WHAT TO WORK ON:
Your task is to retype, exactly and without pictures, the line holding "Bright Comfort Double" and each line that follows it to the end of the entries.

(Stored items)
= = =

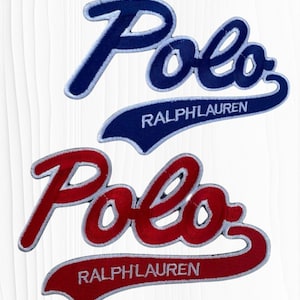 May include: Two embroidered patches featuring the word "Polo" in a script font, with "RALPHLAUREN" underneath. One patch is navy blue with white trim, the other is red with white trim. The patches are likely for clothing or accessories.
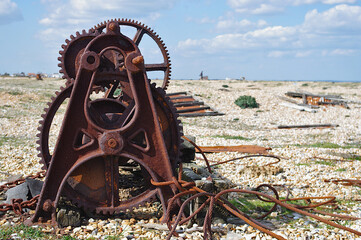 rusting boat winch on beach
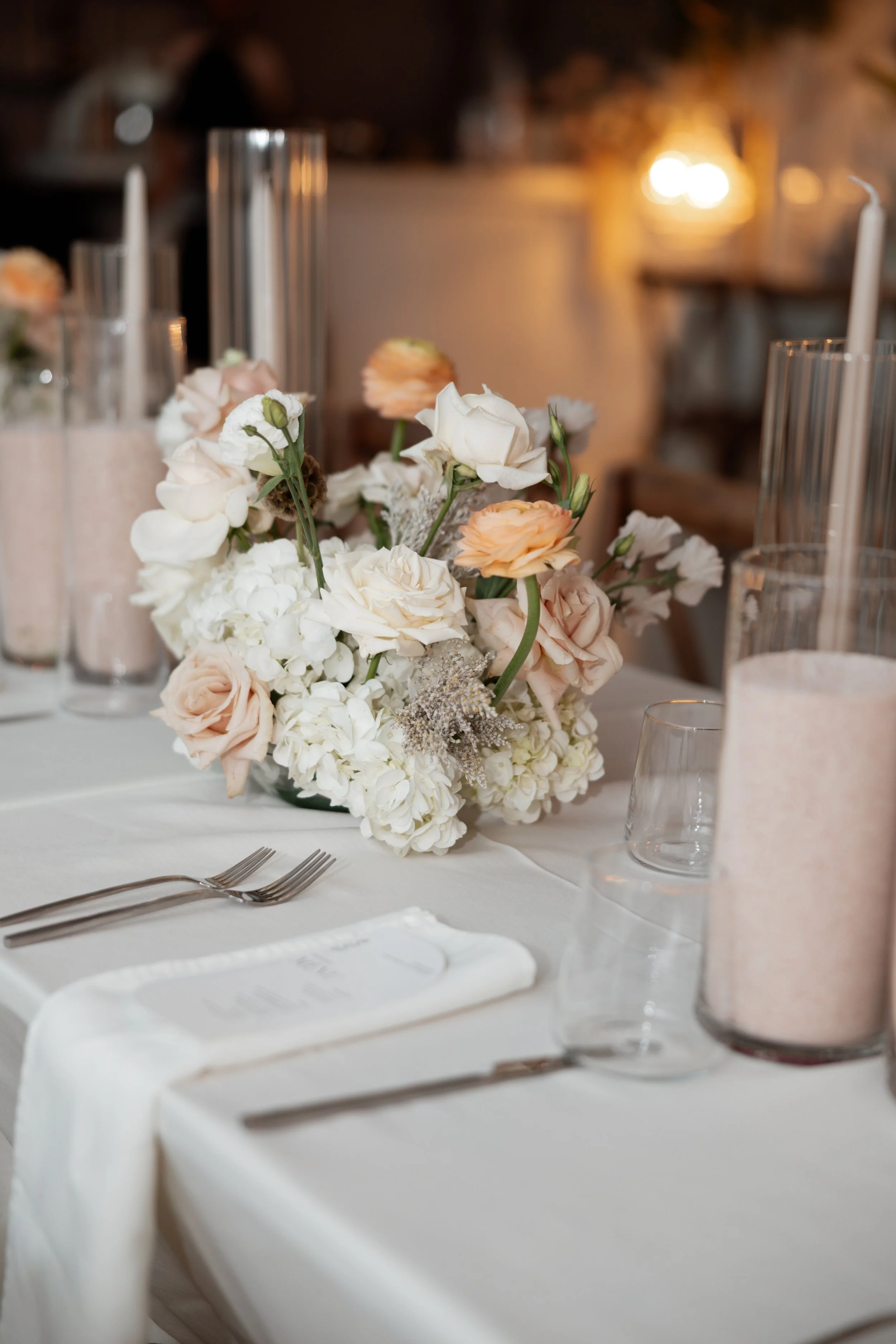 A table set for a formal event with a centerpiece made of white and blush flowers, surrounded by glassware, candles, and cutlery, with a blurred background of warm lighting.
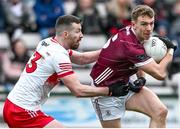 25 February 2024; Dylan McHugh of Galway in action against Niall Loughlin of Derry during the Allianz Football League Division 1 match between Galway and Derry at Pearse Stadium in Galway. Photo by Ray Ryan/Sportsfile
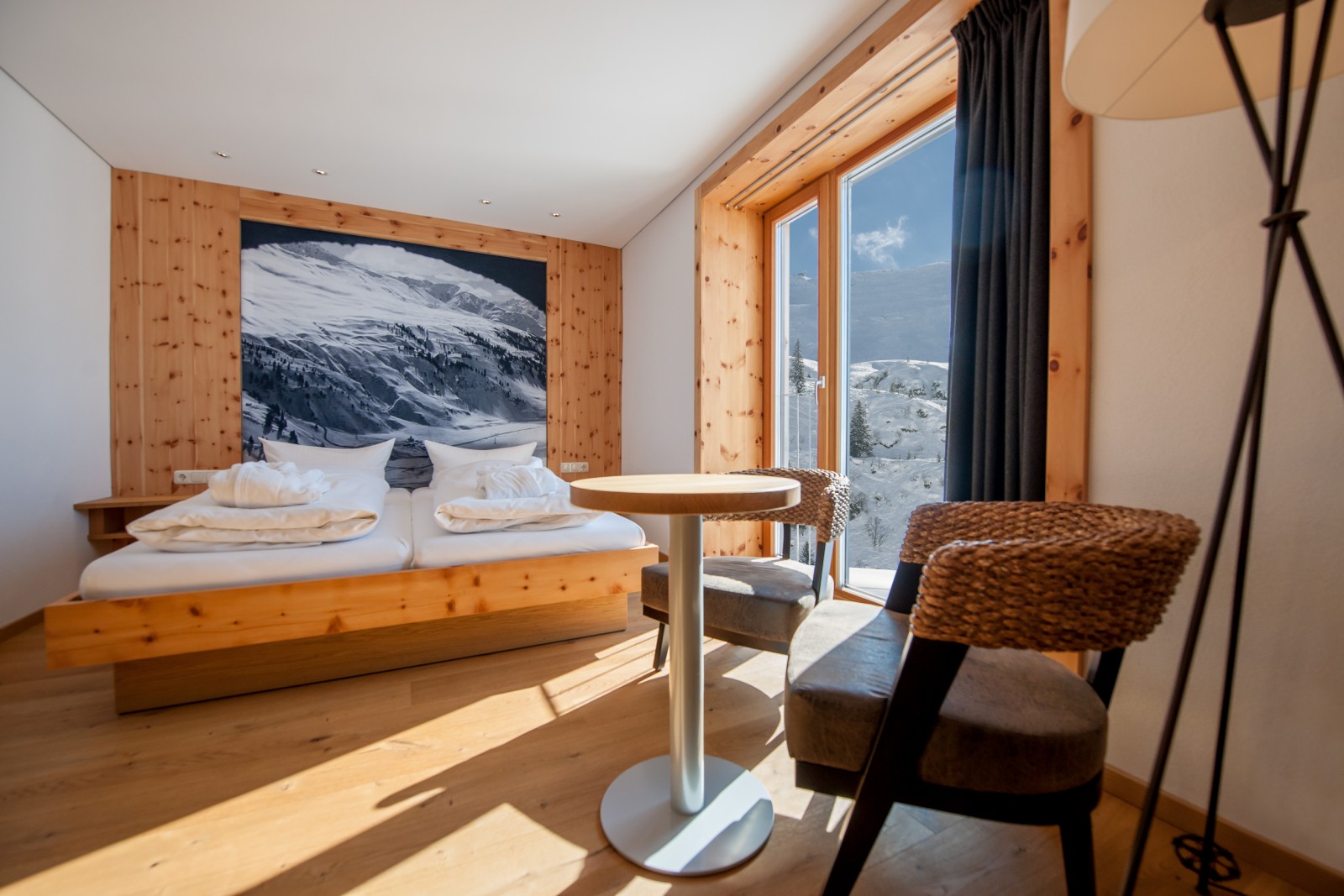 Bright Comfort Double Room at Ski-Hotel Mondschein in Stuben am Arlberg, Austria – featuring a double bed with pine wood frame, panoramic mountain view, historic alpine photo mural, and a cozy sitting area with woven armchairs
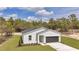 Beautiful one-story home featuring a two-car garage, manicured lawn, and attractive exterior at 12561 Sw 81St St, Dunnellon, FL 34432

= = =

WRITTEN SOLUTION:
 Bright Comfort Double Room at Ski-Hotel Mondschein in Stuben am Arlberg, Austria – featuring a double bed with pine wood frame, panoramic mountain view, historic alpine photo mural, and a cozy sitting area with woven armchairs
 Beautiful one-story home featuring a two-car garage, manicured lawn, and attractive exterior at 12561 Sw 81St St, Dunnellon, FL 34432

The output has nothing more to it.